Besides the triop eggs and food naturally, there is also the all-important “poster” of the snarling T-Rex wading into the water that you are meant place on the back of the plastic aquarium facing its sea creature contemporaries.
Apparently it was not enough to be in the middle of year one with an infant, a house renovation, a house sitting gig, a job search, and a few million (220 million?) other things, I also needed to add to my list of responsibilities a tank of prehistoric sea animals. So, we couldn't find the food pellets for a few days. They were there all along, eventually unearthed from under a pile of potholders and expired coupons, but by then it was too late.
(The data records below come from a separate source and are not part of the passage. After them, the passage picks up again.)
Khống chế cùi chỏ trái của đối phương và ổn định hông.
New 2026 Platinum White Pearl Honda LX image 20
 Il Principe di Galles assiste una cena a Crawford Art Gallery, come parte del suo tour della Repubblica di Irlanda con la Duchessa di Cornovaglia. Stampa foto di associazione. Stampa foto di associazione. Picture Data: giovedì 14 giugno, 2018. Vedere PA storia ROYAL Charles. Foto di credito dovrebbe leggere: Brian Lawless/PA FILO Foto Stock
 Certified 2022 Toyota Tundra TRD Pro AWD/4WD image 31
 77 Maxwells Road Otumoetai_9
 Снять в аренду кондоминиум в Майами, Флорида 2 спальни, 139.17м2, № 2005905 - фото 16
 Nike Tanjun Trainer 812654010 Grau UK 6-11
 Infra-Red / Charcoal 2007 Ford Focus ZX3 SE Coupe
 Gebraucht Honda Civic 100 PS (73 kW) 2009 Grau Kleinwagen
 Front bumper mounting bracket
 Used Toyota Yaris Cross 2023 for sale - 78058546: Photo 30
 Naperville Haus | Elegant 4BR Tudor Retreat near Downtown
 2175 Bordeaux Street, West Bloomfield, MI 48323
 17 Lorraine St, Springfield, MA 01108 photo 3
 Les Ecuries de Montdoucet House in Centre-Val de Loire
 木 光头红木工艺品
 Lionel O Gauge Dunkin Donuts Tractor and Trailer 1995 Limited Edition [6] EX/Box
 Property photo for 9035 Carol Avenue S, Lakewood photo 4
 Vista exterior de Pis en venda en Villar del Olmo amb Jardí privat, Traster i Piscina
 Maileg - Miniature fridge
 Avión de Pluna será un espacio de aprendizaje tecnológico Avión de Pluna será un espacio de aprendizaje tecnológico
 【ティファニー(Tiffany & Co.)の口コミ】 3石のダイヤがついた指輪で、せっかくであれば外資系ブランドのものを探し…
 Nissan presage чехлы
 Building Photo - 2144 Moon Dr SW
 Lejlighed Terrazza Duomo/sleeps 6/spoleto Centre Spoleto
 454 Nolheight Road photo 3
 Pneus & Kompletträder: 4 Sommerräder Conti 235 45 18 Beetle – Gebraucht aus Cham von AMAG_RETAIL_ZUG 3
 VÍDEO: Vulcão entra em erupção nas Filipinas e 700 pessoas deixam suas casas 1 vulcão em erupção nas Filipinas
Oh, I crumbled it into the tank like the directions said, but little Tri-Tri didn't budge off the bottom. “He does that a lot,” Isaac said, unconcerned, as he ran for his Legos. “He's probably just trying to sleep,” Mike said, projecting. But I knew. And as the day progressed, I was sadly proven right. Let that be a lesson to any life forms from any era that might come around in a box: The asteroid, no problem. My pantry, sure death.
I shudder to think what might have happened if we'd caved and gotten the bunny.